Check-in Edition
Thursday, July 30th, 2009
When presented with an opportunity to play games, I either seize it or I do not. In some cases, as of late, not wins out with a greater frequency and the explanations behind this are laborious and, for our purposes, irrelevant. Let’s make the most of the time we have, hmm?
I was sent a replacement for my inflicted Xbox a couple of weeks back, though I’ve had a relatively mild interest in determining if it is my previous unit—now restored—or if it is in fact an entirely new device masquerading as “mine.” In any case the box didn’t escape the cross-country transit unscathed as the gaping hole in the faceplate attests. I understand they sell these things—colored, decorated, airbrushed, what have you—separately, in a nod toward some sort of customization. But since this product sits in my living room along with my other consumer electronics and not in my bedroom plastered with posters of sports heroes and rock stars, littered about with discarded socks and other telltale signs of adolescent inhabitence, I can’t find value in fastening a small mural of Master Chief or Lara Croft to it. And I’m certainly not about to pay money to replace something that wasn’t broken when I sent it in. My principles are firm, but my reward for them is this broken hinge that now looks like a big hole in my Xbox.
Strangely, when I re-acquired my console my first instinct wasn’t to put The Force Unleashed back in the tray to finish up the game I had been working on just before it decided to flash its merciless red gaze upon me. Instead I put my replacement copy of Mirror’s Edge in and began working through it again. I’ve already done this once in 2009, on the PS3, but I picked up the 360 version for cheap on Goozex and once I put it in to test the functionality of the disc in order to provide feedback I found I could not cease from carrying it through to the end. I still cry in anguish every time the miserable Esurance-ad cut scenes kick in, rending my garments and crying to the heavens asking why they couldn’t have done these sequences in-engine, but the rest of the time I smile contentedly and execute my first person parkour with simple-minded glee.
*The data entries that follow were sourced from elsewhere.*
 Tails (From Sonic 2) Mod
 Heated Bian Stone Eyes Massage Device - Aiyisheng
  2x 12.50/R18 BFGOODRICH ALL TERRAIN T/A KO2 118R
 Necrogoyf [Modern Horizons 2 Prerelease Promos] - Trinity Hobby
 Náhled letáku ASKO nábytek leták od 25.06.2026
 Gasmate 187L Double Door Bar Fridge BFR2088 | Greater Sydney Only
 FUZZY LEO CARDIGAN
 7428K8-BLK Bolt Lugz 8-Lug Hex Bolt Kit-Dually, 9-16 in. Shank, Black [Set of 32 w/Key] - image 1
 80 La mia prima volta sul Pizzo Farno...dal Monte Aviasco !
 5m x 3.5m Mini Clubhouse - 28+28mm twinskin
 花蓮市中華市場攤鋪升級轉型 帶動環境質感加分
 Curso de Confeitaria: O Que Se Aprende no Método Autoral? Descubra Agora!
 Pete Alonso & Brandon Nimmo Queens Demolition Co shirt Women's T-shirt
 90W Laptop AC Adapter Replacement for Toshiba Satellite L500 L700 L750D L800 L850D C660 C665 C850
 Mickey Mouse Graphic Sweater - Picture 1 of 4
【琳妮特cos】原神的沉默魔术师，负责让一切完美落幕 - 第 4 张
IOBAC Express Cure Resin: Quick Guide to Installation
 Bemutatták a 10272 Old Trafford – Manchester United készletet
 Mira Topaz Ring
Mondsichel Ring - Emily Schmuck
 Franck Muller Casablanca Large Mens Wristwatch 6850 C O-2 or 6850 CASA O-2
What really surprised me was that this second-pass game took my attention away not from games I had placed on the back burner for lack of hardware accommodation but that it even drew me away from the PS3 crush I had been working on since just before the return of the Xbox I had finally acquired a copy of Valkyria Chronicles. Sometimes you can see a game and just say confidently, “I’m going to love that.” Valkyria was like that and I was spot on. The canvas/sketched/anime art style is sublime, the intricate turn-based strategy action is incredibly compelling and the maps are clear enough to avoid frustration but open enough to allow for individual strategy and style to be exercised. It’s really something. My only complaint is that it is very story heavy and laden with rambling cut scenes which, while beatuiful, are very jRPG-ish and mostly unnecessary. There isn’t anything wrong with them, mind you, the voice acting is tolerable and the dialogue is trite but inoffensive, it’s just that they are multitude and except in rare cases mandatory before you can unlock the next action sequence. As such I find myself waiting to play the game until I have a solid block of time to devote to it, and such blocks do not exist in my world at the moment. A shame really.
The one game that has been able to squeeze into my frantic schedule which involves a lot of preparations for my forthcoming offspring is the DS version of Chrono Trigger. I played the original back in my SNES days and found it delicate and succulent then though it somehow could not remain rooted firmly in my mind and I fear I may never have reached its end. It has found a welcome home on the DS and the fact that they’ve approached it without an excess of intervention, what I call the anti-Lucas approach, leaving the original intact unless you wish to add some minor additions via a “plus” mode. The one positive facet of having the game slip from my memory is I can play it with the barest of recollections, like deja vu, and am experiencing it almost entirely fresh as if it were the first time.
I realize I’ve been absent for a few weeks, but for one thing there hasn’t been a whole lot of gaming to speak of and for another many of my endeavours have prevented me from writing about what games I have gotten in. I’m not making promises about any sort of triumphant return here, but if I find a moment to compose a new Edition I surely will.